* [DATA]:
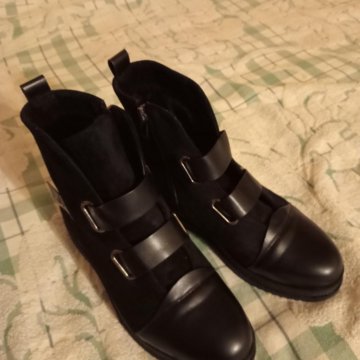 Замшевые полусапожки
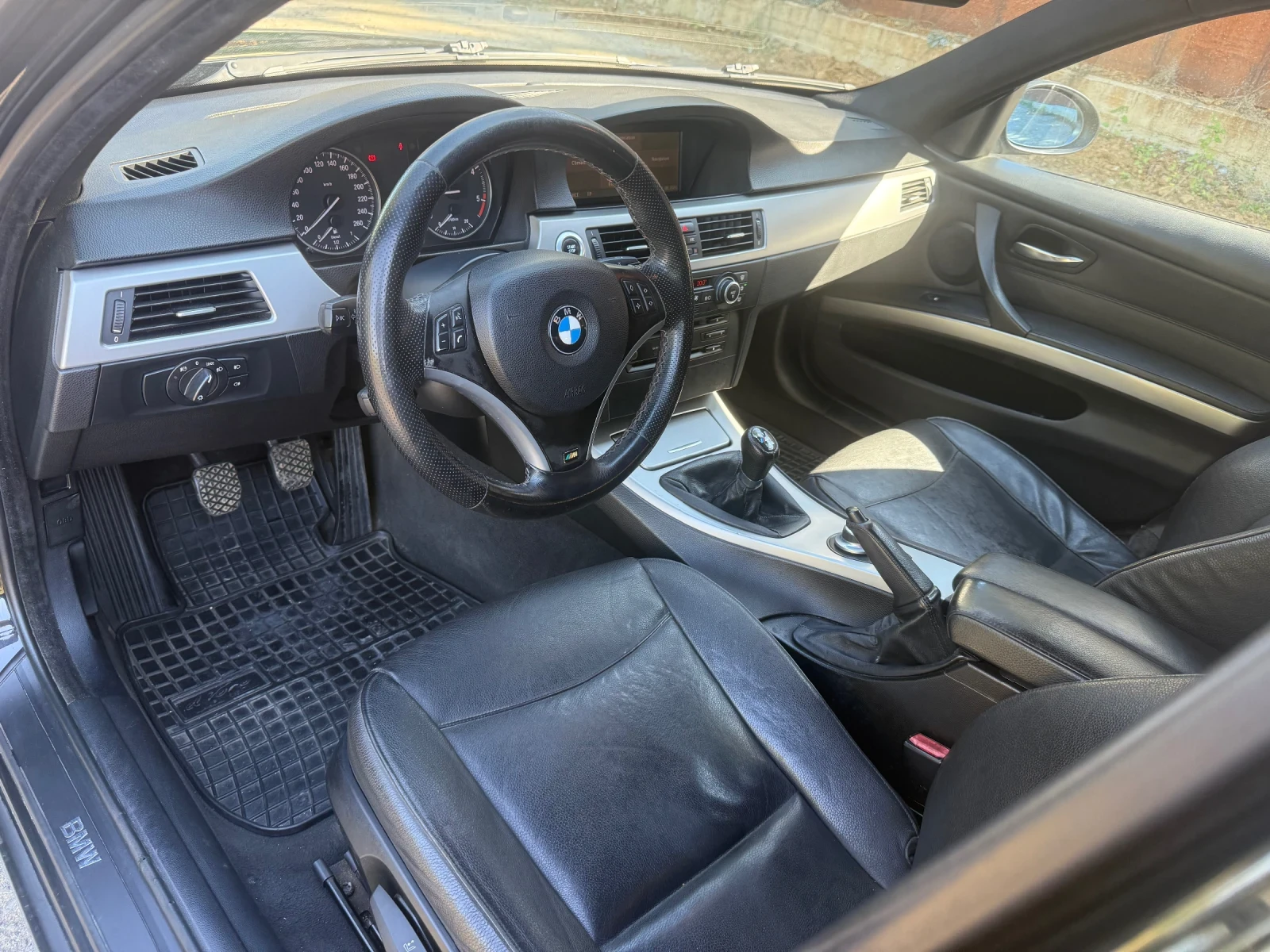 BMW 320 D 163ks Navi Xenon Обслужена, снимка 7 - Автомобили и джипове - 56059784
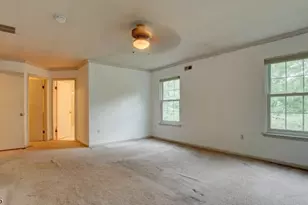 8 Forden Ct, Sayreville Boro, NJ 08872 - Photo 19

* * *

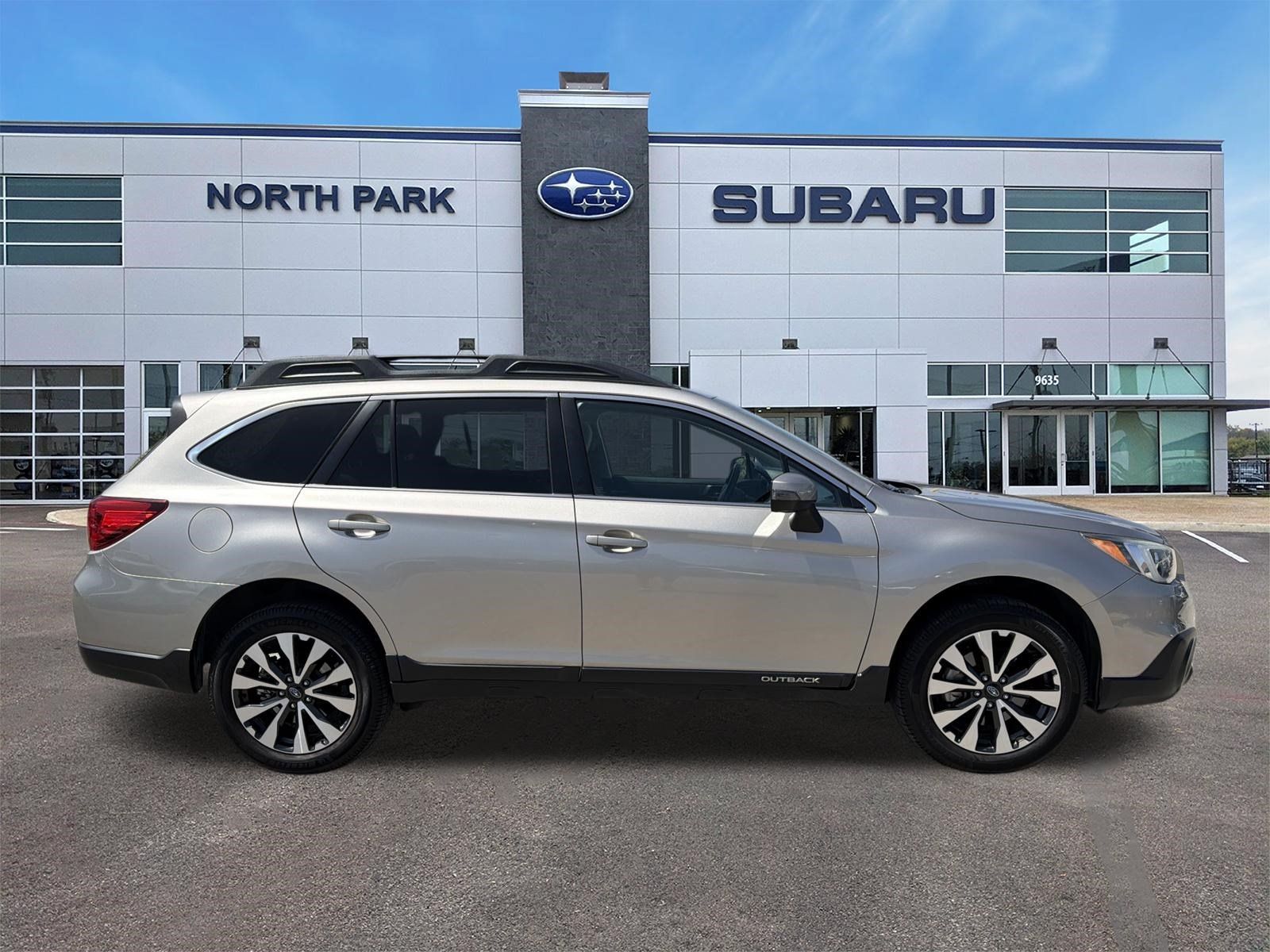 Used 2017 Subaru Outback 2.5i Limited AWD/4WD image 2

* [TASK ITEM]: The reply should hold exactly the lines above, starting at the line with "BMW 320 D 163ks" and ending at the line with "8 Forden Ct, Sayreville", and no pictures.

* [RESULT]:
 BMW 320 D 163ks Navi Xenon Обслужена, снимка 7 - Автомобили и джипове - 56059784
 8 Forden Ct, Sayreville Boro, NJ 08872 - Photo 19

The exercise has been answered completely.